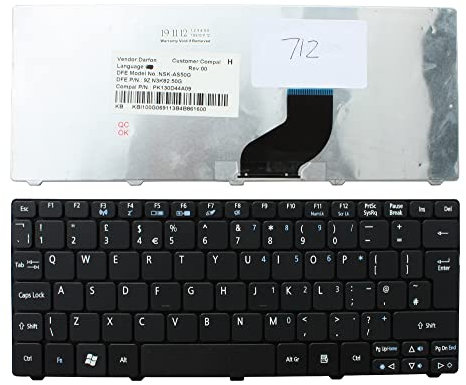 Power4Laptops Royaume-Uni Noir Versión 2 (Por Favor, consulte la imagen) Clavier pour Ordinateur Portable (PC) de Remplacement Compatible avec Acer Aspire One D255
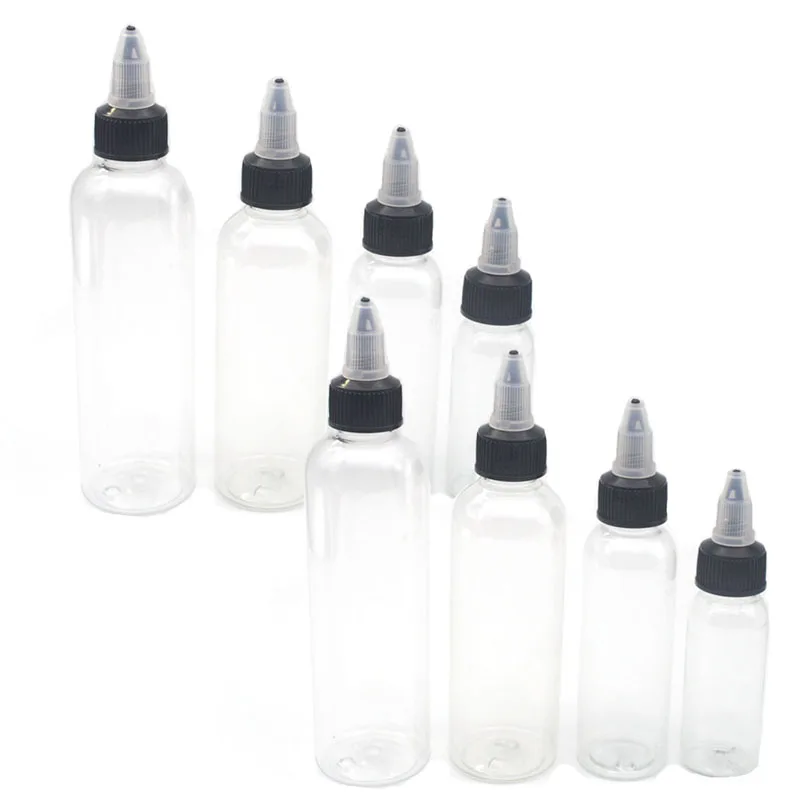

10PCS/lot Plastic Container 30ML 60ML 100ML 120ML Airbrush Ink Bottles Crystal Clear Spare Paint Ink Bottle Free Shipping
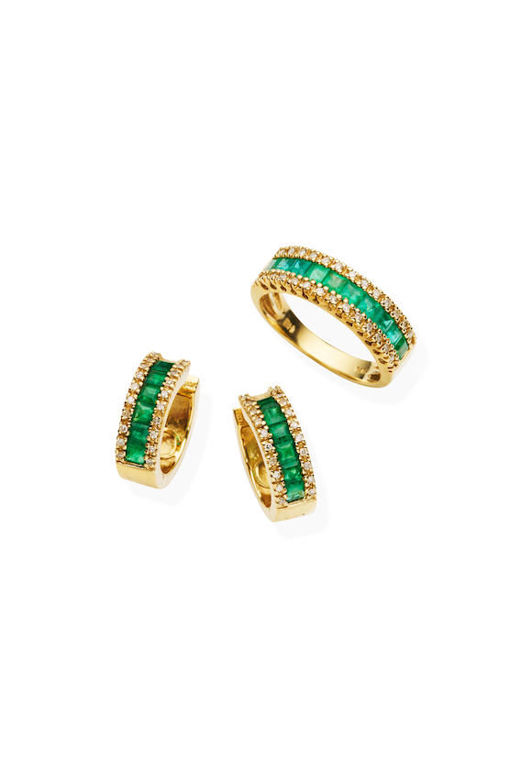 14k Gold Emerald and Diamond Earring and Ring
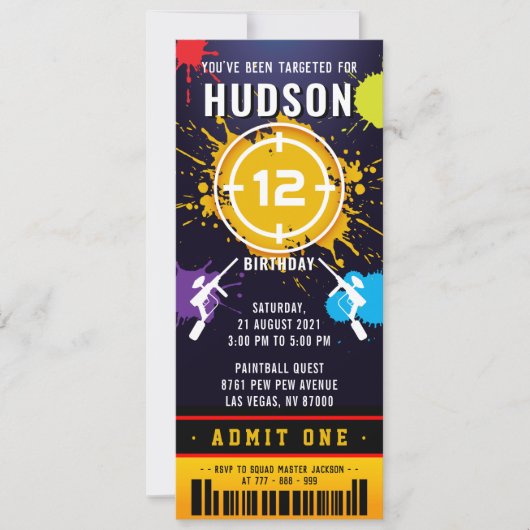 ペイントボールチケットパス誕生日パーティーの招待状 招待状 (正面)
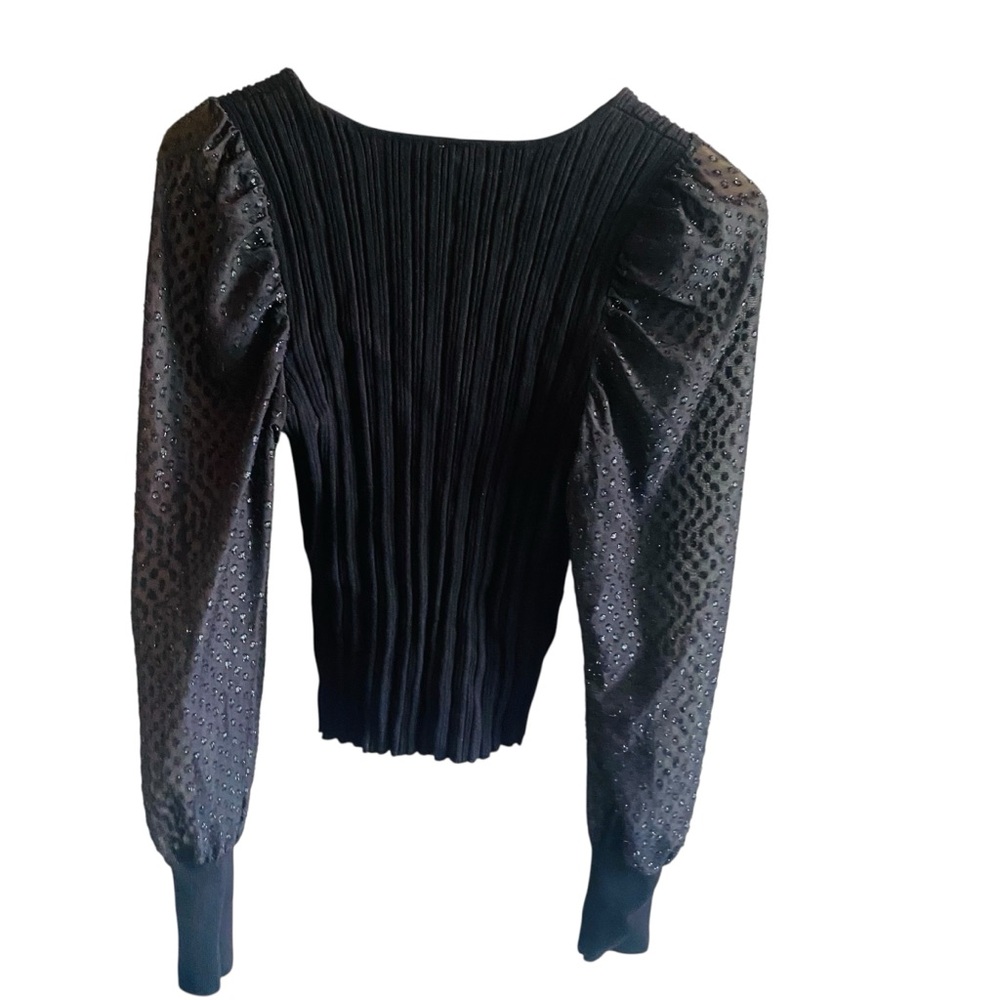 Anthropologie Puff Sleeve Shimmer Sweater in Black - Picture 13 of 16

# # # # #

## Action item
In your answer, give every line of the listing above exactly, and do not include the images.

## Answer for this exercise
 Power4Laptops Royaume-Uni Noir Versión 2 (Por Favor, consulte la imagen) Clavier pour Ordinateur Portable (PC) de Remplacement Compatible avec Acer Aspire One D255

10PCS/lot Plastic Container 30ML 60ML 100ML 120ML Airbrush Ink Bottles Crystal Clear Spare Paint Ink Bottle Free Shipping
 14k Gold Emerald and Diamond Earring and Ring
 ペイントボールチケットパス誕生日パーティーの招待状 招待状 (正面)
 Anthropologie Puff Sleeve Shimmer Sweater in Black - Picture 13 of 16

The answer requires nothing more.